• [WHAT THE EXERCISE ASKS]: Reproduce the lines below exactly. Skip images.

• [INPUT DATA]:

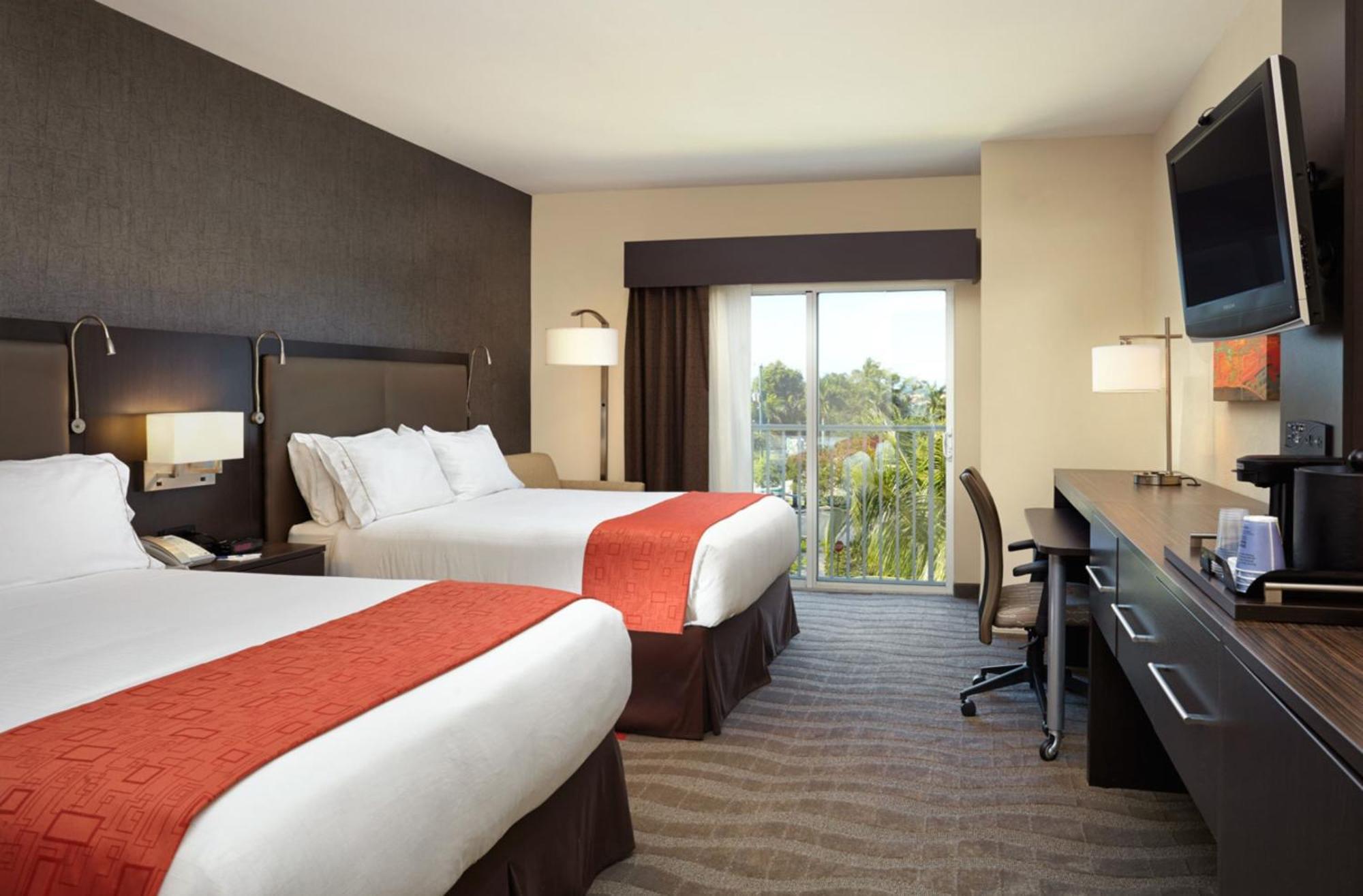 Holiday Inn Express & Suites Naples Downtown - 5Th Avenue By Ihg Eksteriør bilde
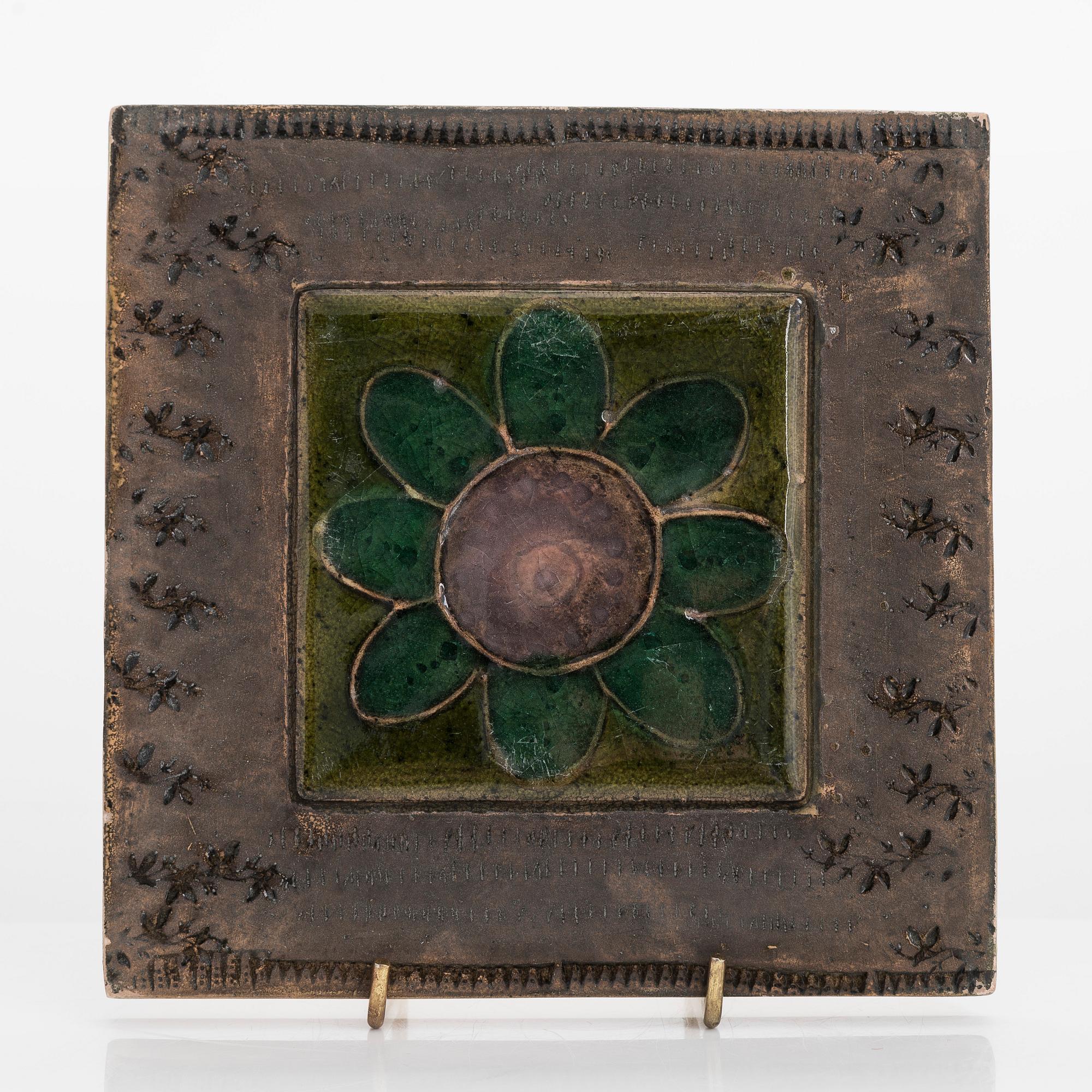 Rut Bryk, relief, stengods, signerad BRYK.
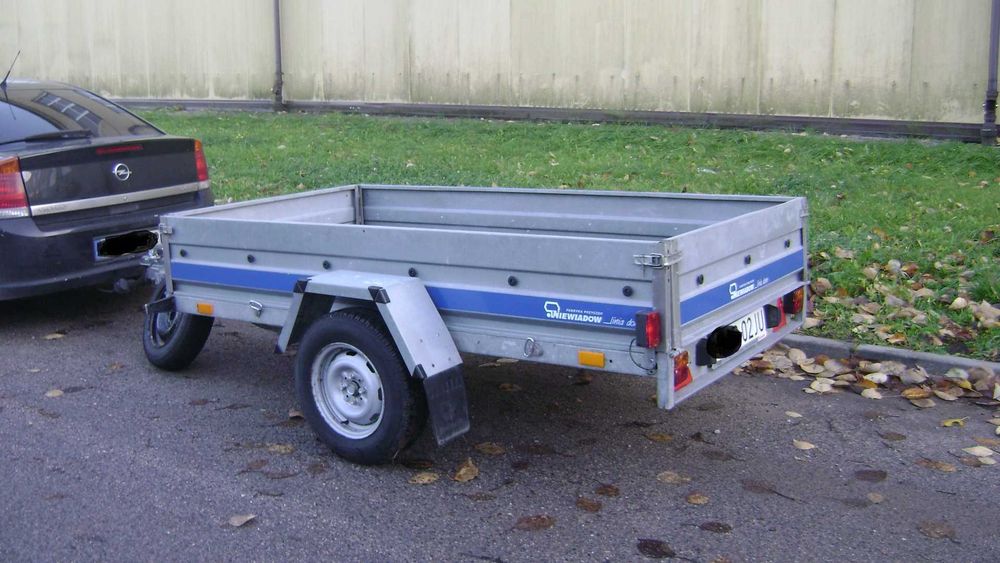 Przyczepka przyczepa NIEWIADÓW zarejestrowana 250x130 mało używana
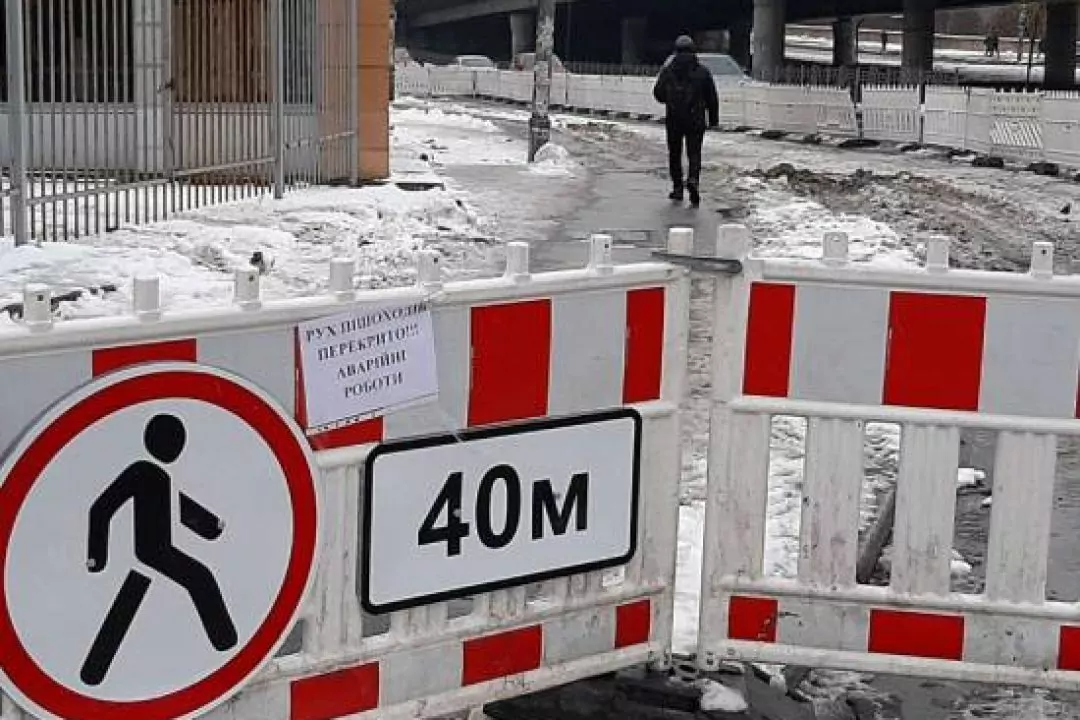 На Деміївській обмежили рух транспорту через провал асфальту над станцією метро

• [WRITTEN SOLUTION]:
 Holiday Inn Express & Suites Naples Downtown - 5Th Avenue By Ihg Eksteriør bilde
 Rut Bryk, relief, stengods, signerad BRYK.
 Przyczepka przyczepa NIEWIADÓW zarejestrowana 250x130 mało używana
 На Деміївській обмежили рух транспорту через провал асфальту над станцією метро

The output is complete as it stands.